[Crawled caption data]
────────
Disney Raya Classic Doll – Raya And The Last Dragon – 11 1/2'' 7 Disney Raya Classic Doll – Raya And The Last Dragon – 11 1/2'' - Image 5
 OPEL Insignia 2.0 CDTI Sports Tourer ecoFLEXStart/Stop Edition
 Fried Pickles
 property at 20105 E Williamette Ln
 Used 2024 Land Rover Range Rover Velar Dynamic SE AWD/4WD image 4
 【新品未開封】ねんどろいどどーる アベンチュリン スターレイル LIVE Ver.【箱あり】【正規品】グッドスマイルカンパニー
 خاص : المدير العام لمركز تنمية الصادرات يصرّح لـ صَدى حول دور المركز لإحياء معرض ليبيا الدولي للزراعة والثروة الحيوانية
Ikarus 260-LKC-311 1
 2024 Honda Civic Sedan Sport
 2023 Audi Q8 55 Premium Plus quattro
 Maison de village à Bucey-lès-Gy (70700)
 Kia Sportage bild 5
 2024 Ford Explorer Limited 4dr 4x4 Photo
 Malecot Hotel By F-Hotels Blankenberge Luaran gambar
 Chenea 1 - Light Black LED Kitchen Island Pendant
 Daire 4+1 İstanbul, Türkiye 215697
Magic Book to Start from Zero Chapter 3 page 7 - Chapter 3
────────
## What you will do
All entries should be transcribed verbatim.

## Exercise output
Disney Raya Classic Doll – Raya And The Last Dragon – 11 1/2'' 7 Disney Raya Classic Doll – Raya And The Last Dragon – 11 1/2'' - Image 5
 OPEL Insignia 2.0 CDTI Sports Tourer ecoFLEXStart/Stop Edition
 Fried Pickles
 property at 20105 E Williamette Ln
 Used 2024 Land Rover Range Rover Velar Dynamic SE AWD/4WD image 4
 【新品未開封】ねんどろいどどーる アベンチュリン スターレイル LIVE Ver.【箱あり】【正規品】グッドスマイルカンパニー
 خاص : المدير العام لمركز تنمية الصادرات يصرّح لـ صَدى حول دور المركز لإحياء معرض ليبيا الدولي للزراعة والثروة الحيوانية
Ikarus 260-LKC-311 1
 2024 Honda Civic Sedan Sport
 2023 Audi Q8 55 Premium Plus quattro
 Maison de village à Bucey-lès-Gy (70700)
 Kia Sportage bild 5
 2024 Ford Explorer Limited 4dr 4x4 Photo
 Malecot Hotel By F-Hotels Blankenberge Luaran gambar
 Chenea 1 - Light Black LED Kitchen Island Pendant
 Daire 4+1 İstanbul, Türkiye 215697
Magic Book to Start from Zero Chapter 3 page 7 - Chapter 3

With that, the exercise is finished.